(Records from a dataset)
____________________
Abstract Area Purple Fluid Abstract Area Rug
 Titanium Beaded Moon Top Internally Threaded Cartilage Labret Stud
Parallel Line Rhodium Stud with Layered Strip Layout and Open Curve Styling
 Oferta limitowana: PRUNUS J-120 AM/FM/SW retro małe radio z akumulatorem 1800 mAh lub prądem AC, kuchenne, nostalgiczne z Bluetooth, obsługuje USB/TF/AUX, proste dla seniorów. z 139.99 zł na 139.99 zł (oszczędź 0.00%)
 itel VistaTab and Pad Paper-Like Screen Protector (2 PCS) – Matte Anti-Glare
____________________
* [Problem to work on]
The records above must be repeated exactly, in their entirety.

* [Solution to the exercise]
Abstract Area Purple Fluid Abstract Area Rug
 Titanium Beaded Moon Top Internally Threaded Cartilage Labret Stud
Parallel Line Rhodium Stud with Layered Strip Layout and Open Curve Styling
 Oferta limitowana: PRUNUS J-120 AM/FM/SW retro małe radio z akumulatorem 1800 mAh lub prądem AC, kuchenne, nostalgiczne z Bluetooth, obsługuje USB/TF/AUX, proste dla seniorów. z 139.99 zł na 139.99 zł (oszczędź 0.00%)
 itel VistaTab and Pad Paper-Like Screen Protector (2 PCS) – Matte Anti-Glare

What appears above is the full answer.